Where a line below includes the word "American", copy that line.

#### The data ####

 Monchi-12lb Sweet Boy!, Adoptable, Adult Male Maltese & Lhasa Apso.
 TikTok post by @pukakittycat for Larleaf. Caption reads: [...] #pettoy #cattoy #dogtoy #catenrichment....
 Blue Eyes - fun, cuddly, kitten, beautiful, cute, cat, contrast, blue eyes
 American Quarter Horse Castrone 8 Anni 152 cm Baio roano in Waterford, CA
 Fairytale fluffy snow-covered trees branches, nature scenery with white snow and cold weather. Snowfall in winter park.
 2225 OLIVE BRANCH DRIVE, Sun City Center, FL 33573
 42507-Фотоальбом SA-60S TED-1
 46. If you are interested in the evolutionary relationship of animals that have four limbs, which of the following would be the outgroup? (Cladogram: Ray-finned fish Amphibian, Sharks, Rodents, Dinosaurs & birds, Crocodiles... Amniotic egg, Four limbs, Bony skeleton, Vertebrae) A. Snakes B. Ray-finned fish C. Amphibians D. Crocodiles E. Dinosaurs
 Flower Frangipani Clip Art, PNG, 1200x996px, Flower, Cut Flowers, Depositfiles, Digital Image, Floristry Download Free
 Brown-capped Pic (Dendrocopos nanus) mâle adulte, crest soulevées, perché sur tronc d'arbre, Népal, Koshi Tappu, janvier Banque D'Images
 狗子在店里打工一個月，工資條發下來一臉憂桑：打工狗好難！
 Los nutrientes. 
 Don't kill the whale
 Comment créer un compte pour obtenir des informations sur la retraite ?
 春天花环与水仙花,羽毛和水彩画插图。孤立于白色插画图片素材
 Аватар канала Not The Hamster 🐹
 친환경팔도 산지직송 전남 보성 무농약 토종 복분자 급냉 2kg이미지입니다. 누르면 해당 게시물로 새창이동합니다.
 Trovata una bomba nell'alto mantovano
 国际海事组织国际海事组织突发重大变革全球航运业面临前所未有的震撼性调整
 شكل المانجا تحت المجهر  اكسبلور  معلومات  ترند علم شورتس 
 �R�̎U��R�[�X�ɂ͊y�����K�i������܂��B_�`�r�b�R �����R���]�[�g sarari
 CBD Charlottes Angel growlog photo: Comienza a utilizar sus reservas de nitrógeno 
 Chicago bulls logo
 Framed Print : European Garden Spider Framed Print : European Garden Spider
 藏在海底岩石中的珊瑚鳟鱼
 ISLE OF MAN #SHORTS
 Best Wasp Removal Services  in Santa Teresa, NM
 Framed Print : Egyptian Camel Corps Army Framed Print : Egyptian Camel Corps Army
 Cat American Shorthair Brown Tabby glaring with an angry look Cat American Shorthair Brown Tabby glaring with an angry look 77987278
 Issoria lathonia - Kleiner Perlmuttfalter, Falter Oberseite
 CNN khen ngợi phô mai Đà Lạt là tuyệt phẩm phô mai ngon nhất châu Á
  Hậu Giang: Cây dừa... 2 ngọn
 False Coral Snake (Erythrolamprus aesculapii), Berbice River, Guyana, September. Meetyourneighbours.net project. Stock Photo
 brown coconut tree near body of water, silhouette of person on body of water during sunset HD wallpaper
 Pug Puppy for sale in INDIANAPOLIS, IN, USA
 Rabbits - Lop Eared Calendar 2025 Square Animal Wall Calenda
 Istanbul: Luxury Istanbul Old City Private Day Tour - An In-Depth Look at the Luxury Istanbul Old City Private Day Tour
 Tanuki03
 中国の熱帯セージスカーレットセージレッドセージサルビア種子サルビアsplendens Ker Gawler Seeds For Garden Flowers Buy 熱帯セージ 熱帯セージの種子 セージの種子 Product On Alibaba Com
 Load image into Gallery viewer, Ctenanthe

####

- [Solution to the problem]:
 American Quarter Horse Castrone 8 Anni 152 cm Baio roano in Waterford, CA
 Cat American Shorthair Brown Tabby glaring with an angry look Cat American Shorthair Brown Tabby glaring with an angry look 77987278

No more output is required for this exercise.